Reverend Samuel alerts Annie that Henry escaped from border state Tennessee which is not covered in the Emancipation Proclamation. Thus, when Henry says he can’t go to Canada, but must wait for Angelina Baker, the Reverend fears for all of them. Nevertheless, guided by faith and Nelly’s extension of grace to Washington Henry, their community stands together and Owen and Henry bunk congenially in a tiny room above Paradise Square saloon.
Additionally, stranger Milton Moore (Jacob Fishel), arrives in their society to beg Nelly for a job. Moore, an excellent piano player with a drinking problem, appears legitimate, so Nelly makes a bargain with him and arranges for Owen, Henry and Moore to create dance and song entertainments to earn their keep. The dancing and singing to a cool multi-ethnic version of “Camptown Races” effected by Henry and Owen who are friendly competitors at this juncture, show the prodigious singing and dancing talents of Shively and Dupont. Guided by Bill T. Jones’ brilliant, energetic and enlightened choreography, the dancing in this production is thematic and symbolic, with unique stylized flourishes that shine a light on the exceptional talents of the principals and the ensemble.
Jones showcases the dances with ethnic cultural elements: for Shively and his group-Irish step dancing; for DuPont-Juba African American dancing that evolved from plantation life. Jones’ wondrous evocations are present throughout. When Henry sings “Angelina Baker” we revert to the plantation where both met. Profoundly rendered through Jones choreography and musical staging (Alex Sanchez), the ensembles’ stylized movements evoke the field slaves soul burdened and bowed, as two plantation overseers tap dance the repetitive torment and the beats of slavery’s oppression and pain. Just incredible!
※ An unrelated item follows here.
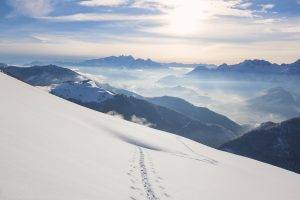 sky, Snow, Mountain, Windows 10, Mist, Landscape, Nature, Bright, Salzburg, Austria
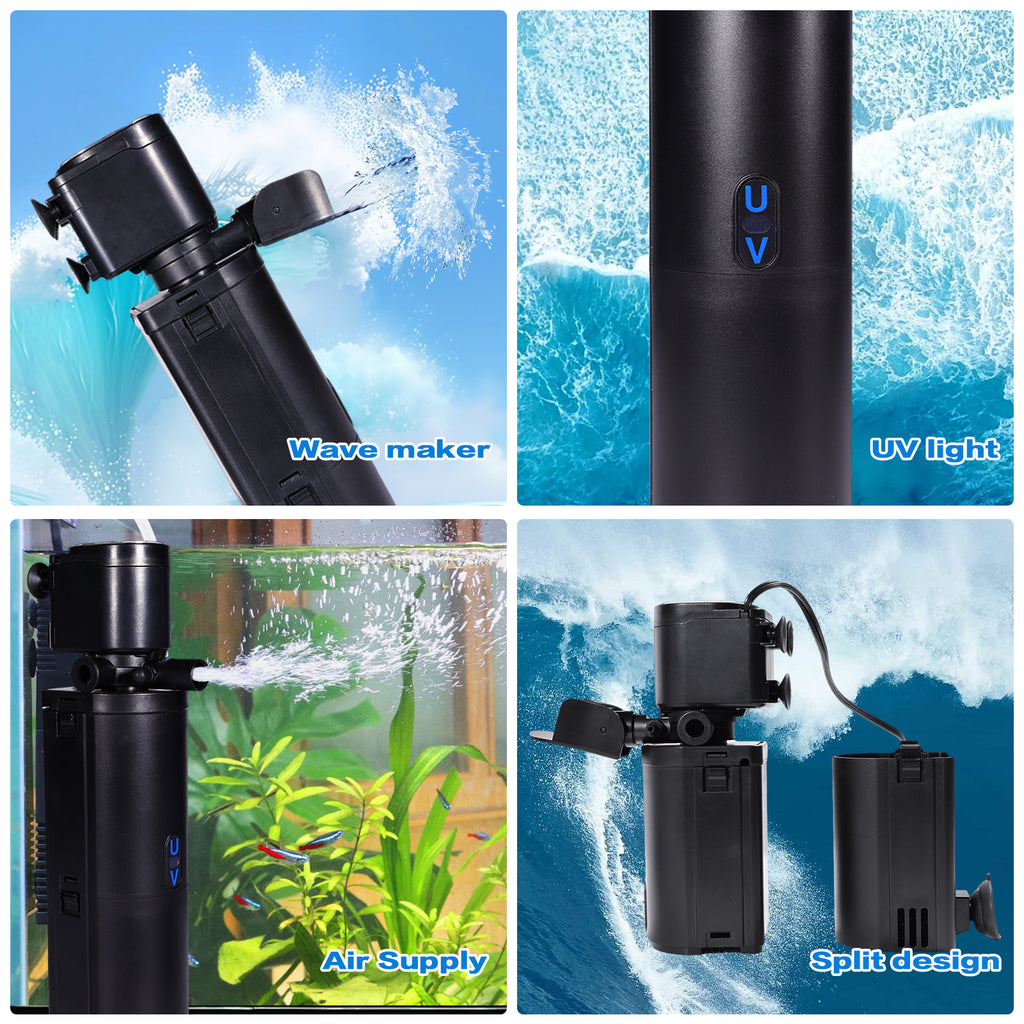 VNEKVA Aquarium Filter 20-75 Gallon with UV Light Internal Pump for Fish Turtle Tank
Uptown Party Boss Frederic Tiggens (the excellent John Dossett) is the villainous snake, whose intent is to divide voters, secure political power and keep wages low by targeting the haven of equanimity, Paradise Square. As a disrupter, he focuses on a “divide and conquer” strategy. Stoking division when the opportunity arises, he is hell bent on destroying Nelly’s prosperous Eden which threatens his political power block. Thus, he foments resentment between the Irish and the blacks when he discovers that the Reverend doesn’t fire a worker to give a job to ‘Lucky Mike,’ a war amputee abandoned by the government he fought for. (“Bright Lookout,” “Tomorrow’s Never Guaranteed.”).
Enraged at the injustice of not being hired by Reverend Samuel who can’t do what he wants or he will be fired himself, ‘Lucky Mike’ becomes the pawn of Tiggens, who exploits his anger instead of helping him. Expressing the plight of many returning vets then and now, Mike’s anger grows into a raging fire with no outlet until it finally explodes in violence. Tiggens’ trouble-making continues with his connections serving financial writs on Nelly and Paradise Square that must be paid off. When she confers with family about raising money, Owen contributes his cultural grace, suggesting a dance festival competition like they had in Ireland. With the festival Nelly will raise enough to pay off the fines. Once again, Nelly and family resilience and hope shine through the darkness of Tiggens’ political machinations to overwhelm them.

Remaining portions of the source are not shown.